Cde Mabika was later arrested and detained for six months without trial under the Emergency Powers Act.
One day, he was bundled into a Land Rover truck with five others for the notorious Kopje Farm Camp (Butcher) with their hands tied to the canopy’s rails.

“I think I was the third to be court marshalled. They wanted to know my involvement with the freedom fighters and why my name “Mudhara Mabika” was always associated with terrorists. I replied that I was a school teacher.

“I then asked them why at that age it would be reasonable for someone to classify me as an old man and whether it was not a question of mistaken identity.”
“The marshal looked at me and ordered that I be taken back to the truck and back into detention. I was taken to the camp with my head covered in a sack.”
Three days later Cde Mabika was transferred to the Selous Scout Camp for more torture.

“There they would put your head in a drum full of water and beat you on the buttocks with plank covered with nails.
“I still bear the marks from the beating. After a day of torture we were again loaded into a truck and taken to the Butcher. I was again asked how I was connected with the freedom fighters, to which I replied that I was connected to school children. I said I was a school teacher and when I was arrested I was in front of 45 school children.

“I was taken back into the Rover and tied to the rails again. While I was in the truck I could see that those convicted were either taken to the Butcher for execution as practising targets or released, instructed to run away towards the hill but shot at as moving targets. My colleagues in the truck were all executed that day,” he said.

Cde Mabika said he was only released from custody a day before elections in 1980 but with strong warning that if ZANU lost he would be killed.
“Thank God, Zanu won overwhelmingly.”

That is the history of the Butcher.
The Butcher is fast deteriorating and with it the valuable history at the Castle Kopje torture camp. It is the history of the trial and tribulations that Zimbabweans went through in their quest for self rule.

Cde Gwai contends: “When I first came to know of this place in the early 2007, the place was intact. The bunker walls were standing and even the metal points where prisoners were tied to, were still intact. But of late the place has been vandalized.

“Only when we started making noise about the history of this place did someone come and smear cement on the walls of the concrete bunker, erasing the names of the people who took part in the execution of people at the camp. That was meant to destroy evidence because some of the people who worked here are still alive and now fear their past.

“It is unfortunate that many people who know the happenings at the place do not come forward with information for fear of reprisals. What they need to know is the information on the war of terror by the Rhodesian forces is an important part of the history of Zimbabwe.

“It is high time the little that has been collected from this place is documented so that we have a start. I fear most of the victims of this torture camp are dying with their knowledge,” Cde Gwai said.

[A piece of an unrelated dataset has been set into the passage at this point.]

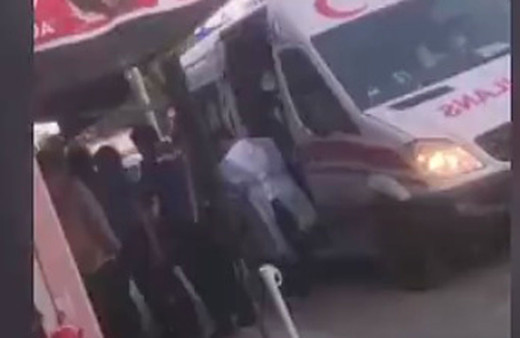 Maymun Çiçeği virüsü Türkiye'de mi? İstanbul alarmda 3 Afgan'ın test sonuçları bekleniyor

To date only a sign post reading “Makoni District Heroes Acre” is visible and there isn’t much to acknowledge the important history that is carried by Castle Kopje Farm Camp.

Cde Tavashure said: “We have someone who is willing to assist in beautifying the District Heroes’ Acre but the greatest undoing is we have not been given a go ahead by the office of the DA. As you know, all things to do with the heroes acres are the responsibility of the Ministry of Local Government. An agreement has been reached with an artist, what remains is a letter of approval from the responsible people.”